Whether he likes it or not, Flea, bass player for Los Angeles’ own Red Hot Chili Peppers, has become the de facto face of music for our fine burgh. If you ask him about it, he’ll just slough it off. He doesn’t want to be the face of anything. The guy’s so humble he’ll probably be pissed for even being called humble. But when you’re one-fourth of one of the world’s best-known bands and your assessment of your skills is a simple, “I’m a pretty good electric bass player,” then you get the drift.
The Fairfax High graduate and recent USC School of Music student has played with a mind-boggling litany of musicians from around the world: Bryan Ferry, Jimmy Scott, John Cale, Mick Jagger, George Clinton, Ice Cube and just this summer, his close pal Patti Smith, with whom he closed out the Santa Monica Pier’s annual Twilight Dance Series.
And then there’s Thom Yorke, who brought Flea on board to perform his solo album, “The Eraser,” live. “When he was getting his thing together to play his music he thought enough of me to ask me to join him. I was really honored,” Flea says. “It’s just exciting for me to play with great players, and new players, without any of the pressure, to go out and have fun and play music just for the celebration of it. The whole Thom Yorke experience was wicked. It was fucking fun man.”
The band’s three soldout L.A. performances were rad, but don’t hold your breath for their next outing. Flea says, “We’re just going to play once in a while, a fun project. My home is the Red Hot Chili Peppers and his is Radiohead.”
What is on the horizon though, is an album with another talented Brit: Damon Albarn. Earlier this year in London, Flea, the Blur/Gorillaz/the Good, the Bad & the Queen frontman and Afrobeat drumming legend Tony Allen recorded an as of yet unnamed, largely improvisational project that was born out of an earlier jam session at a Nairobi club.

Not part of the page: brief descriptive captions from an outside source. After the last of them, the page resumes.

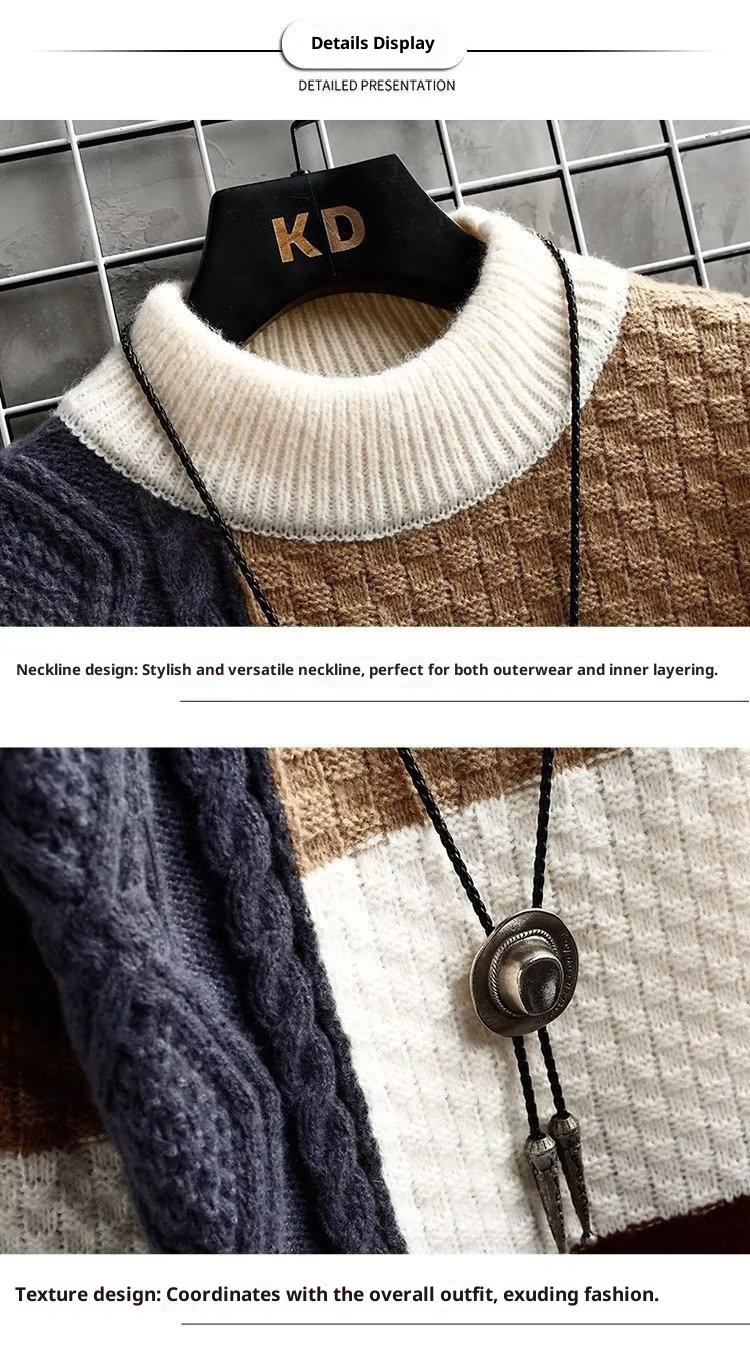 ragazzo Ragazzo Ragazzo Ragazzo 2024 Nuovo Maglione da Uomo Autunno Inverno Stile Giapponese Patchwork Ispessito Coreano Trendy Maglia Base Camicia Per Uomo_voghion.com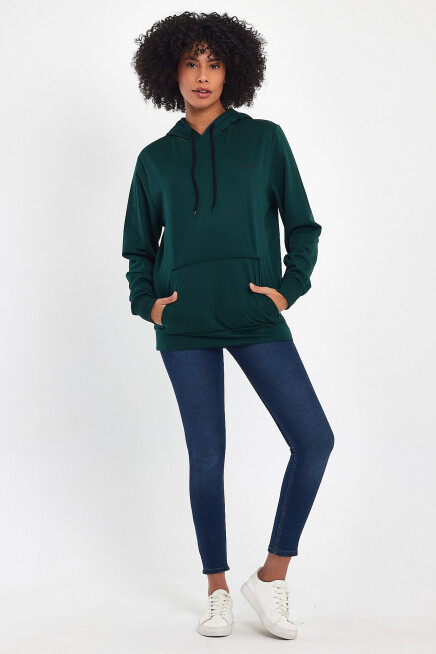 Süperlife Kadın Kapşonlu Regular Fit Baskılı İnce Sweatshirt SPR21K61
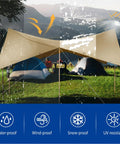 Beige 6x8 Heavy Duty Waterproof Tarp 12.5 Mil Ultra Tough Tear Resistant Poly Cover used in outdoor camping scene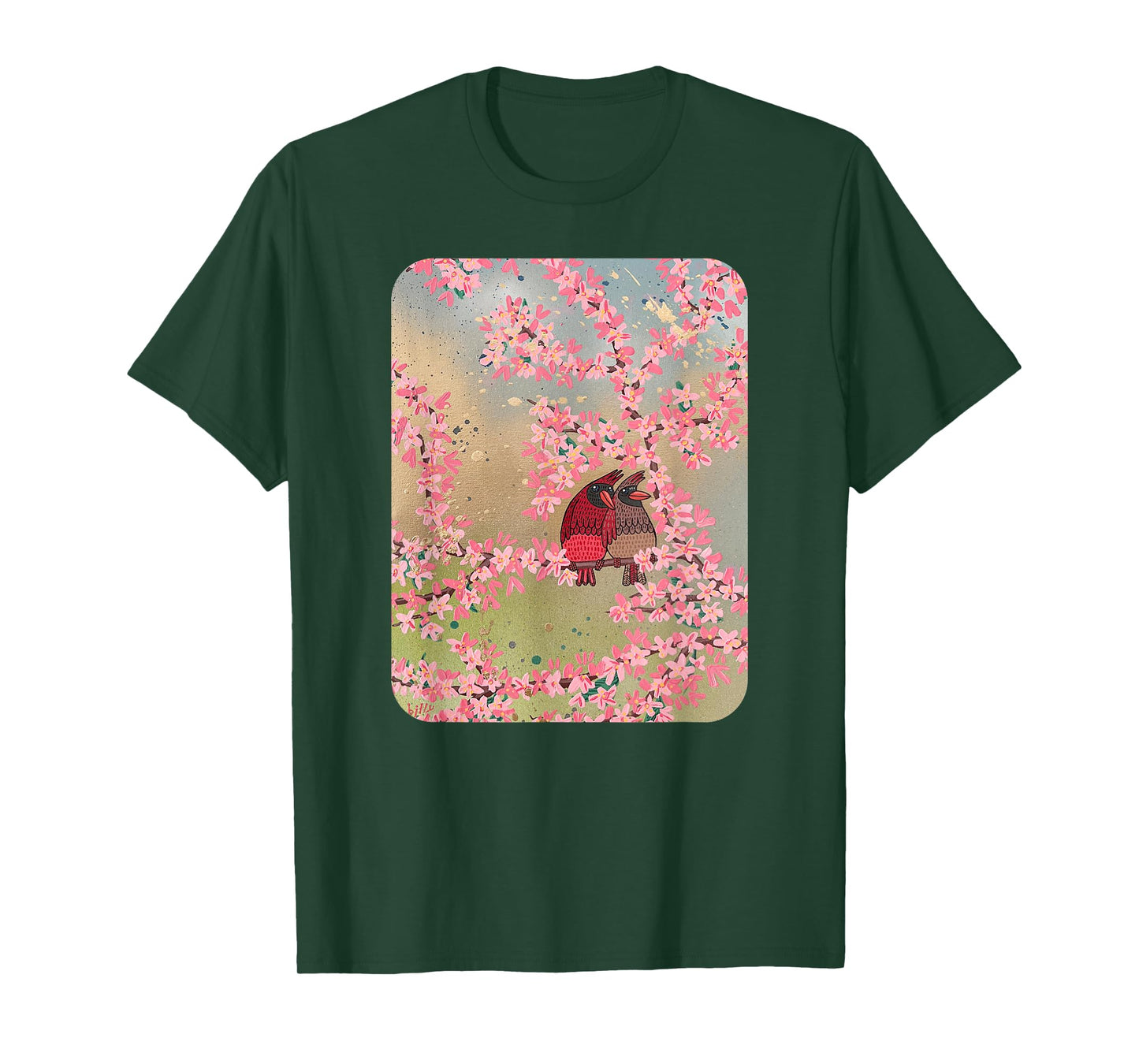 In the Cherry Blossoms (Cardinals in Love) T-Shirt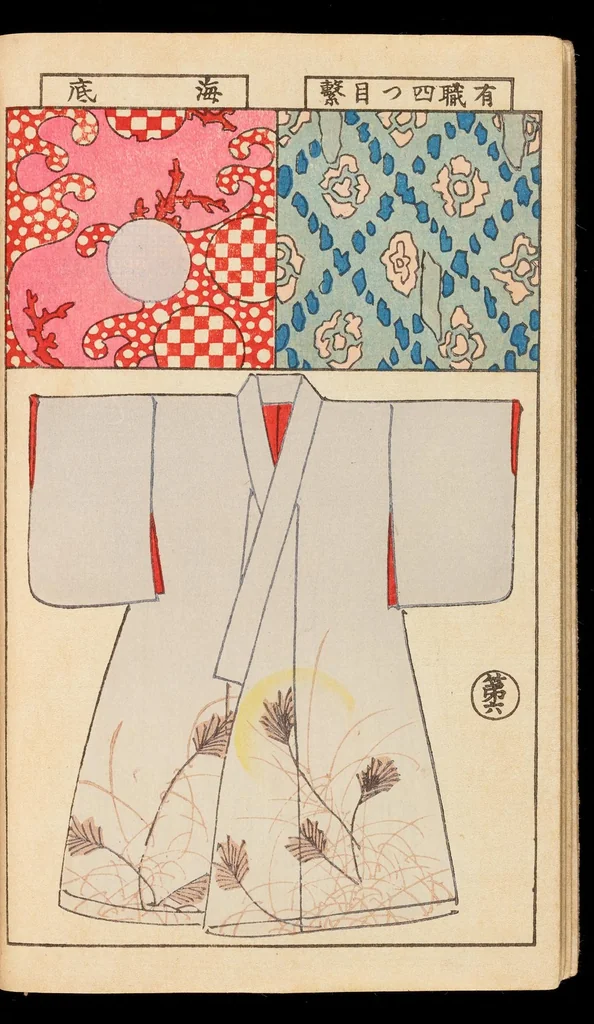 An illustration from Moyō bijutsu benran, 1893, leaf 9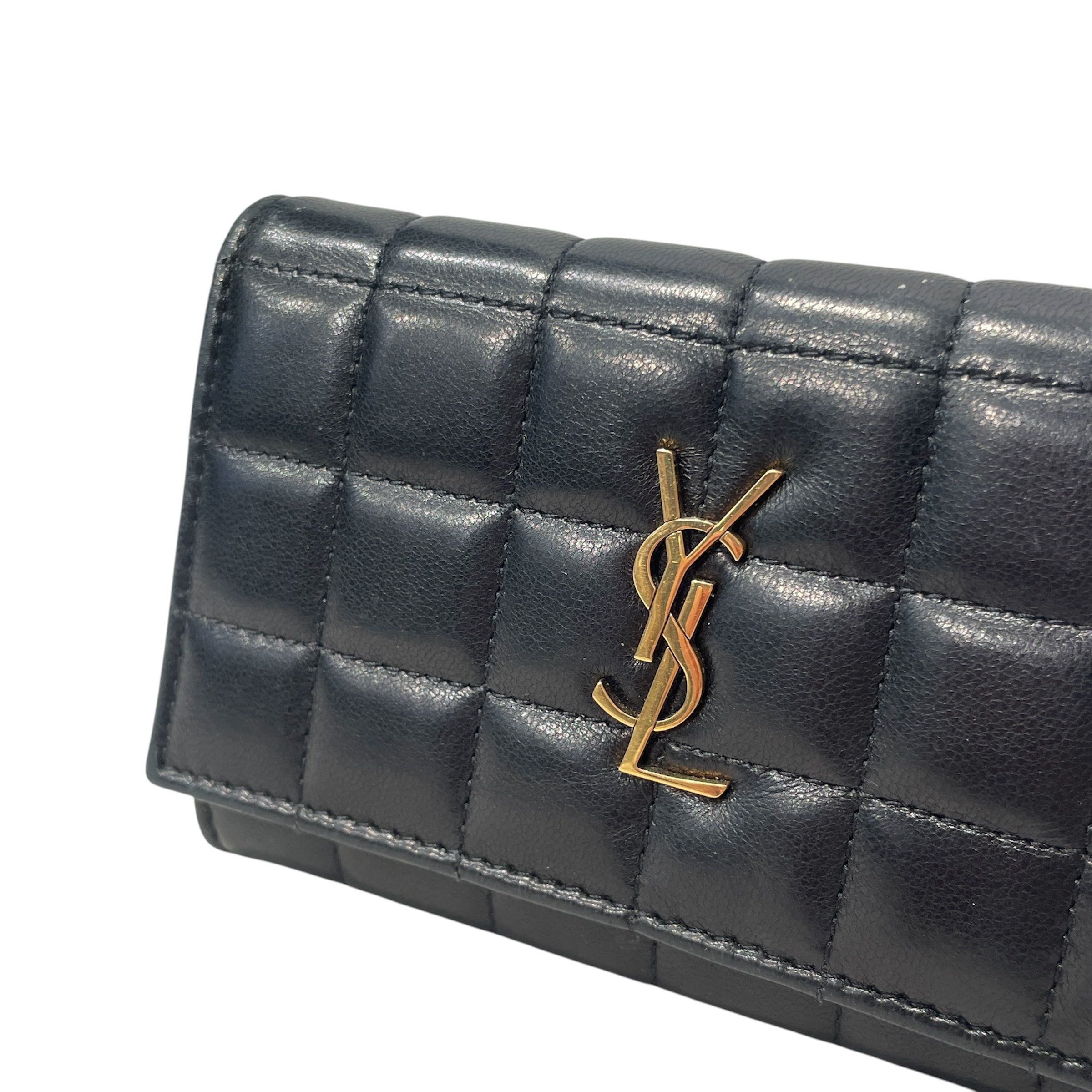 SAINT LAURENT/Wallet/Leather/BLK/Quilted Flap view 3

Flea says, “Damon is a contemporary of mine, someone who has covered a lot of musical ground as a musician. Tony Allen is one of my favorite musicians of all time. He invented the Afrobeat sound for Fela Kuti. That is his beat, it is one of my favorite sounds ever.” He continues, “Playing with those guys was such a natural thing, the same thing I strive for when playing with other musicians. I can’t wait to get the recording finished.” An early listen of the rough tracks revealed music that though loose and atmospheric, showed great pop structure and invention.
Flea’s panache for invention isn’t limited to performance. Perhaps its most concrete manifestation sits in a classic 1920s terra cotta building at the historic Sunset Junction. Here, the Silverlake Conservatory of Music offers lessons to musicians of all ages, but its true purpose is providing free instruction to more than 300 students. Flea says, “I’ve had some questionable good ideas but this wasn’t one of them. When you start a non-profit music school for kids who can’t afford musical education and aren’t getting it from public schools, anyway you slice it, it’s a good idea.”
Flea hates asking people for anything, especially money, so his only reservation about the endeavor is that he and his staff need to come up with a million dollars a year to fund scholarships and keep the little neighborhood school afloat. To that end, he has used his many connections in music — Eddie Vedder, Tracy Chapman, Metallica, Andy Summers, and most recently, Ben Harper — to play a series of fundraisers for the school. “I know from the belly of my heart that music is important and the more kids — people for that matter — the more people who are involved in music then the better off we will all be,” says Flea.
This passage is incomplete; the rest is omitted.